| STUDY MATERIAL |
◆ ◆ ◆ ◆

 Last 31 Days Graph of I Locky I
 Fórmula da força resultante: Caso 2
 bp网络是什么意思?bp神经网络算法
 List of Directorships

◆ ◆ ◆ ◆

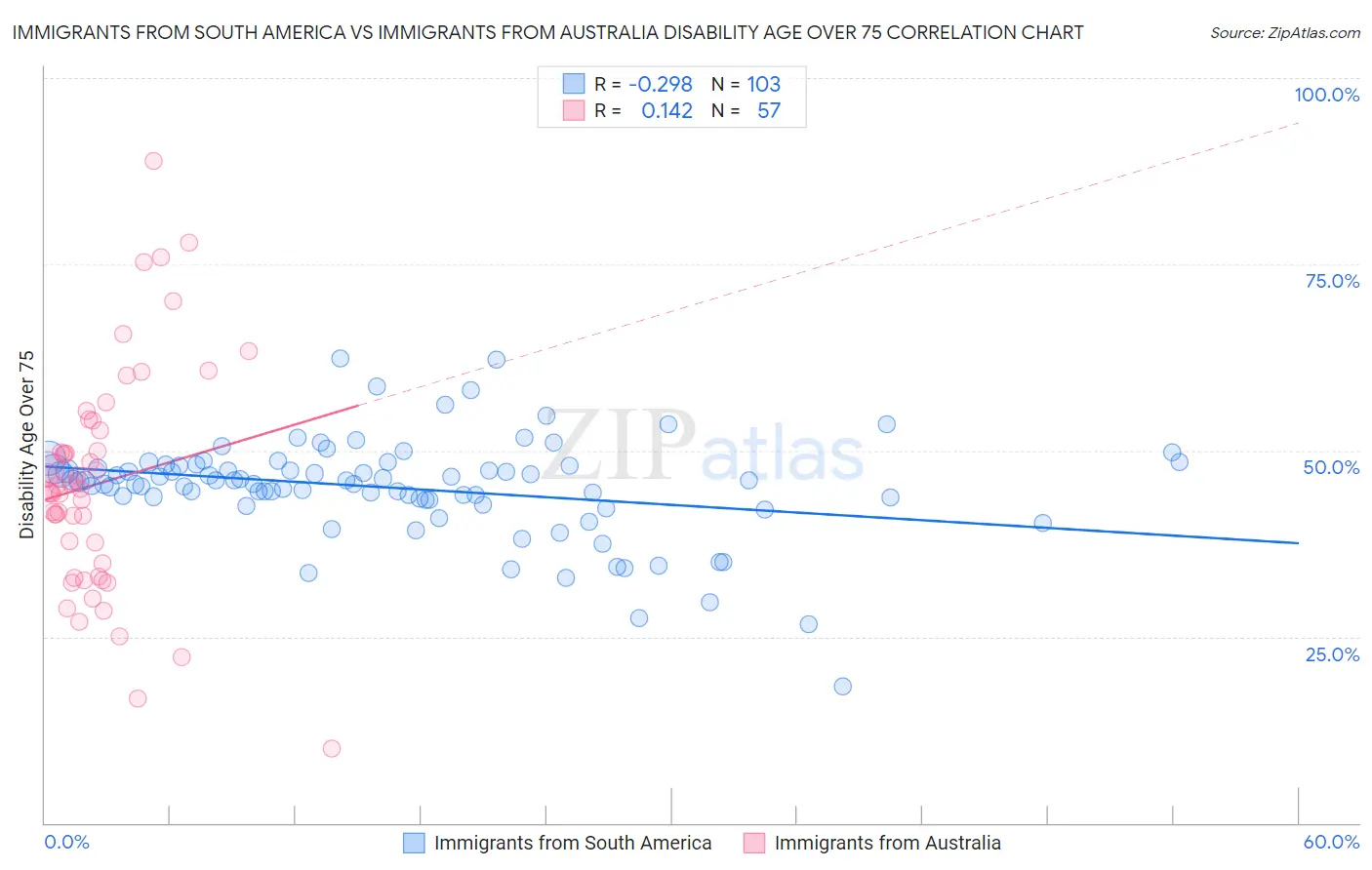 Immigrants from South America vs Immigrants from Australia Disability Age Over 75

◆ ◆ ◆ ◆

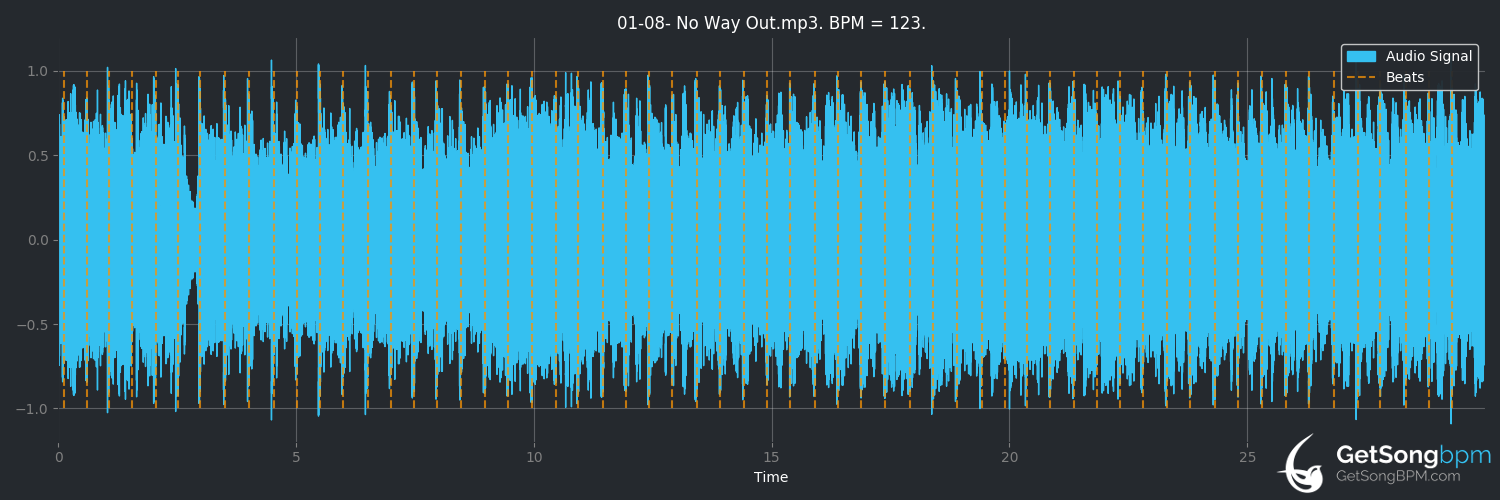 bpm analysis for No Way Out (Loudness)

◆ ◆ ◆ ◆

| EXERCISE REQUIREMENTS |
Output exactly one stretch of the listing: from the line containing "Last 31 Days Graph of I Locky I" through the line containing "List of Directorships", both end lines included.

| RESPONSE |
 Last 31 Days Graph of I Locky I
 Fórmula da força resultante: Caso 2
 bp网络是什么意思?bp神经网络算法
 List of Directorships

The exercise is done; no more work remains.